STORED DATA:
========================================================================

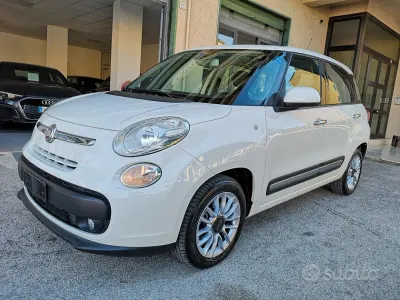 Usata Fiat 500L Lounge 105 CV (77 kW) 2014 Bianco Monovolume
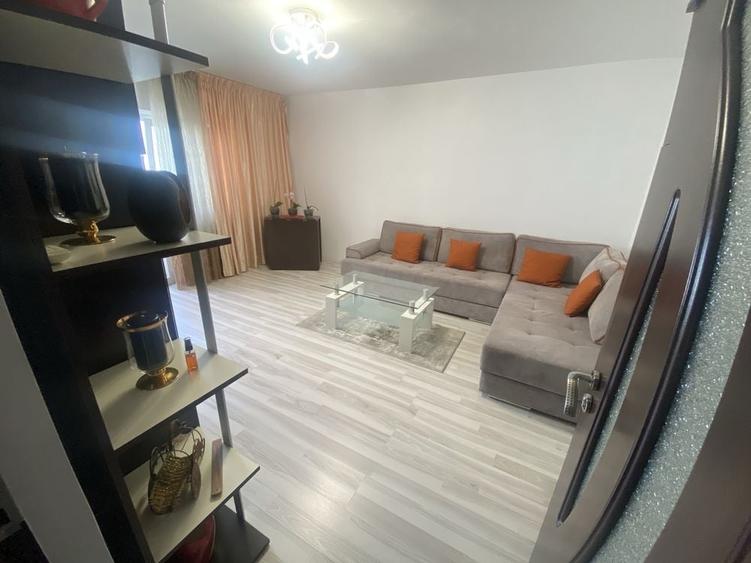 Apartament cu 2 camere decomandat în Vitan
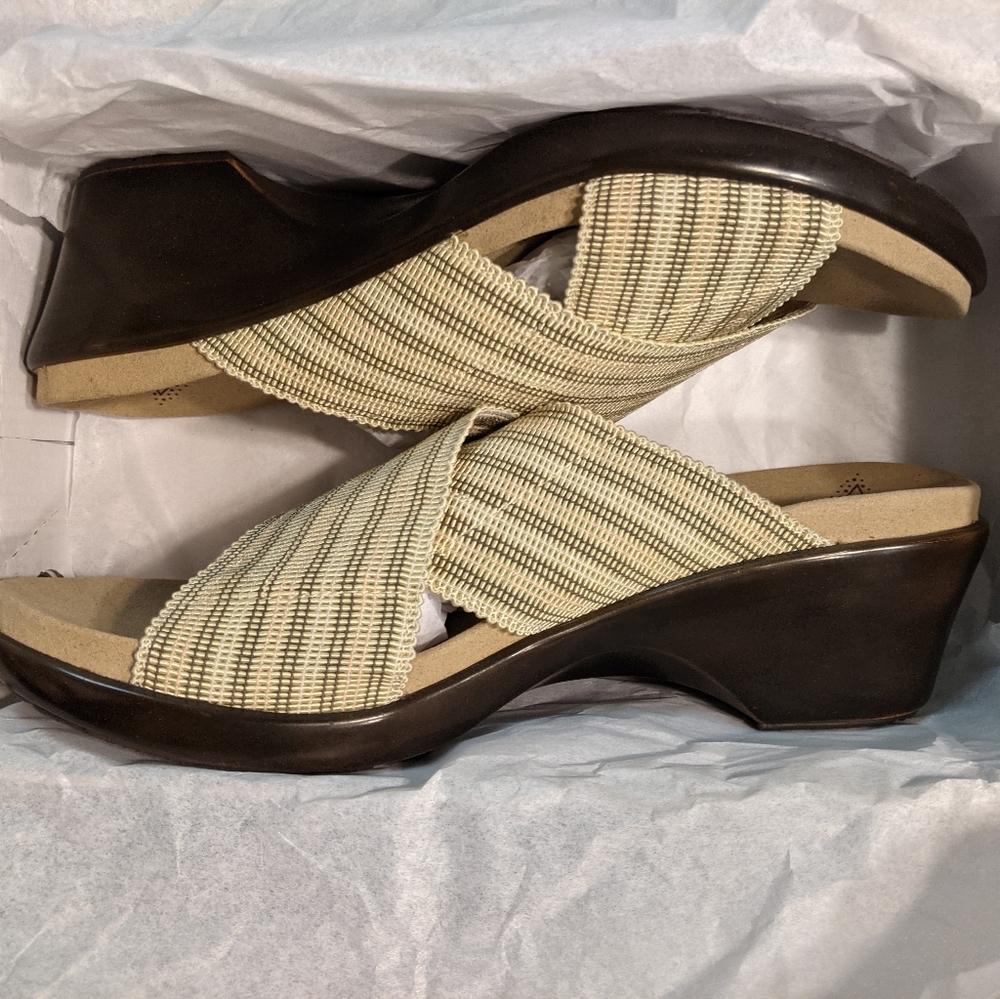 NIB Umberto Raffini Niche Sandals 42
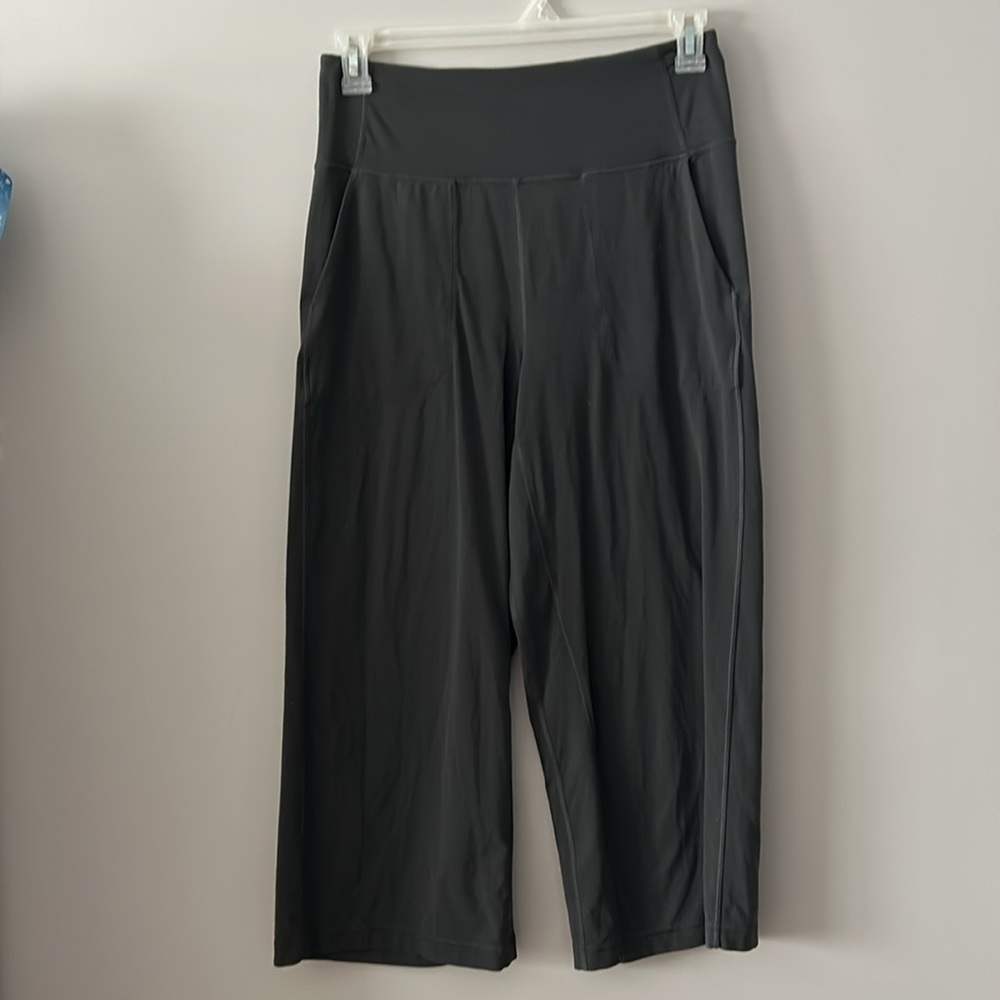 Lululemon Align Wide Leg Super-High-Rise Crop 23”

========================================================================

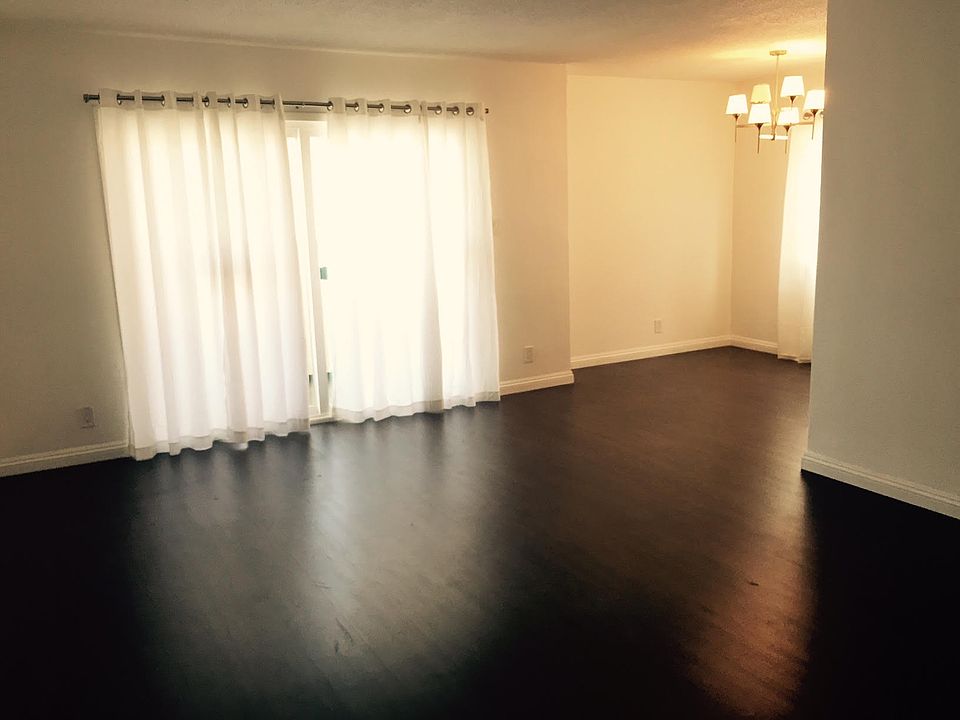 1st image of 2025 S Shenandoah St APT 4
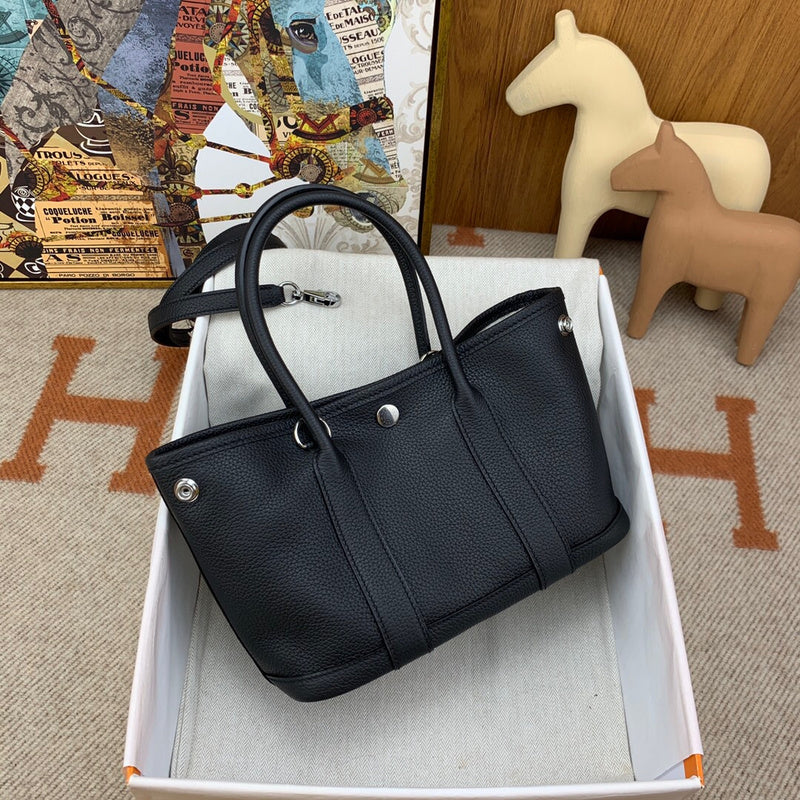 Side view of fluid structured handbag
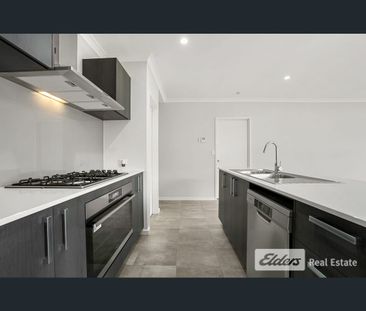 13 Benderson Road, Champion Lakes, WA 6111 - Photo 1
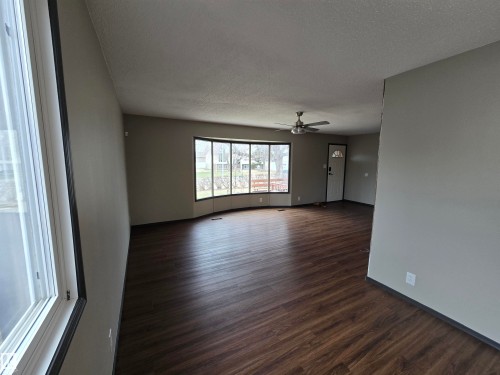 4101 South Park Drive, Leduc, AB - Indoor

========================================================================

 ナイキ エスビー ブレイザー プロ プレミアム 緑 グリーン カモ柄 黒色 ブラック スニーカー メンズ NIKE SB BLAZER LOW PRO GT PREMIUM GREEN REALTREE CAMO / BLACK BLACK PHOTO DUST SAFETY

========================================================================

WORK REQUIRED: Starting at the line containing "NIB Umberto Raffini Niche Sandals 42" and stopping at the line containing "Lululemon Align Wide", output every line above exactly, both ends included, with pictures omitted.

SOLUTION TO THE EXERCISE:
 NIB Umberto Raffini Niche Sandals 42
 Lululemon Align Wide Leg Super-High-Rise Crop 23”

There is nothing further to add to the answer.